Instead, the key component of candid photography gear is the lens.
Long lenses (i.e., a 70-200mm zoom) enable you to hang back from the scene and let things unfold naturally.
Think about it – if you’re three feet away with a 35mm lens trying to take candid portraits of your kids in your backyard, they won’t behave as naturally as they would if you’re 10 feet away with your 70-200mm lens. In other words, the longer the lens, the more space between you and your subjects, and the more space there is, the more likely your subjects are to be candid with what they’re doing.
The other advantage of using a long lens is that even though you’re further away, you don’t lose the intimacy of the moment.
With the reach of a 70-200mm lens, you can still frame close-up shots to capture the emotions and feelings of the moment, which, as we’ll discuss below, are critical to creating the most compelling candid photos.
Your Observational Skills are of the Utmost Importance
Perhaps even more important than having a long lens is having the ability to take note of photo-worthy moments.
This means you have to have an eagle eye with which you can scan large crowds or vast landscapes to find that single instant in which a person (or multiple people) are enjoying a candid moment.

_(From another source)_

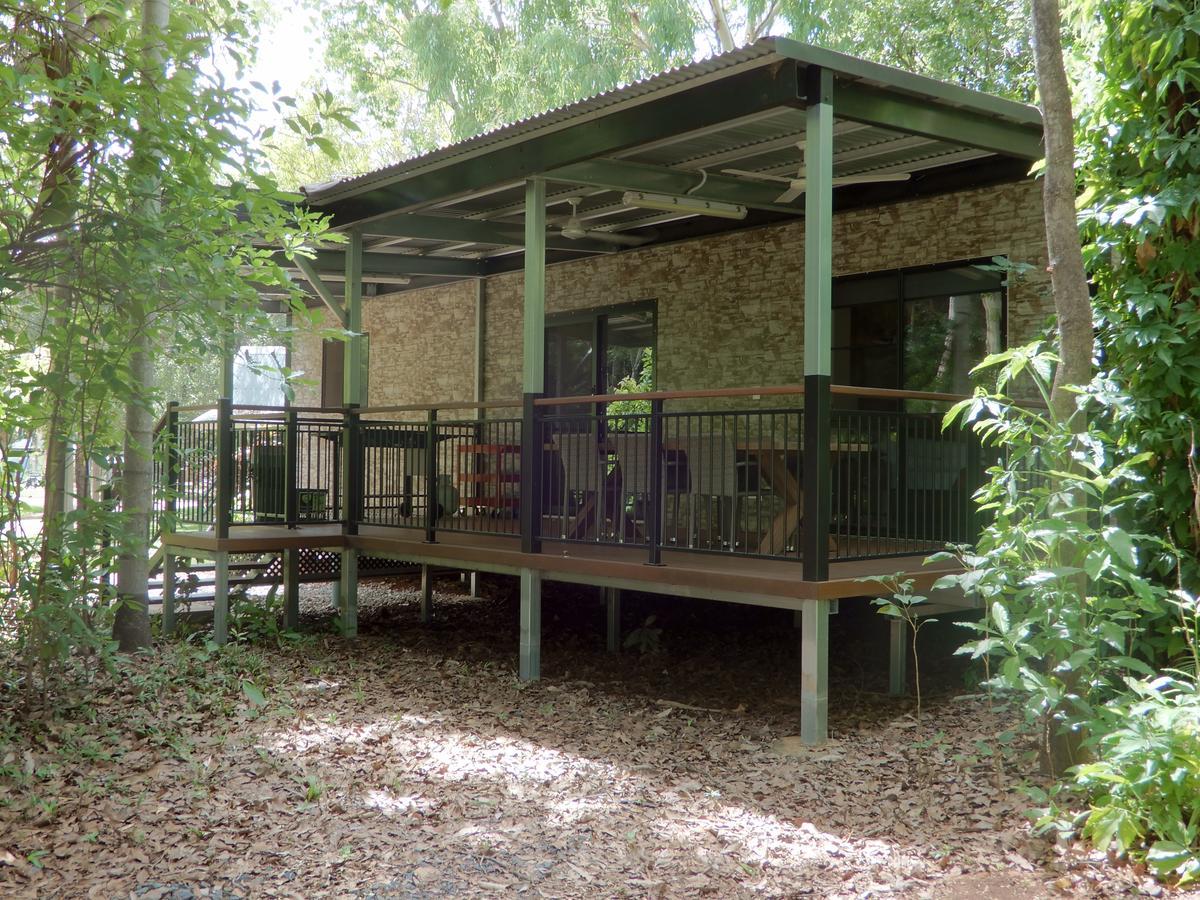 Litchfield Tourist Park Hotel Batchelor Bagian luar foto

Not only must you train your eye to see these moments amongst the chaos, but you must also be able to recognize the ideal conditions. That is, you need to survey the scene and ask yourself the following:
- How is the light interacting with the subject?
- What is the best angle from which to create a candid shot?
- What’s going on in the background of the scene?
- Are there interesting foreground elements that will improve the image?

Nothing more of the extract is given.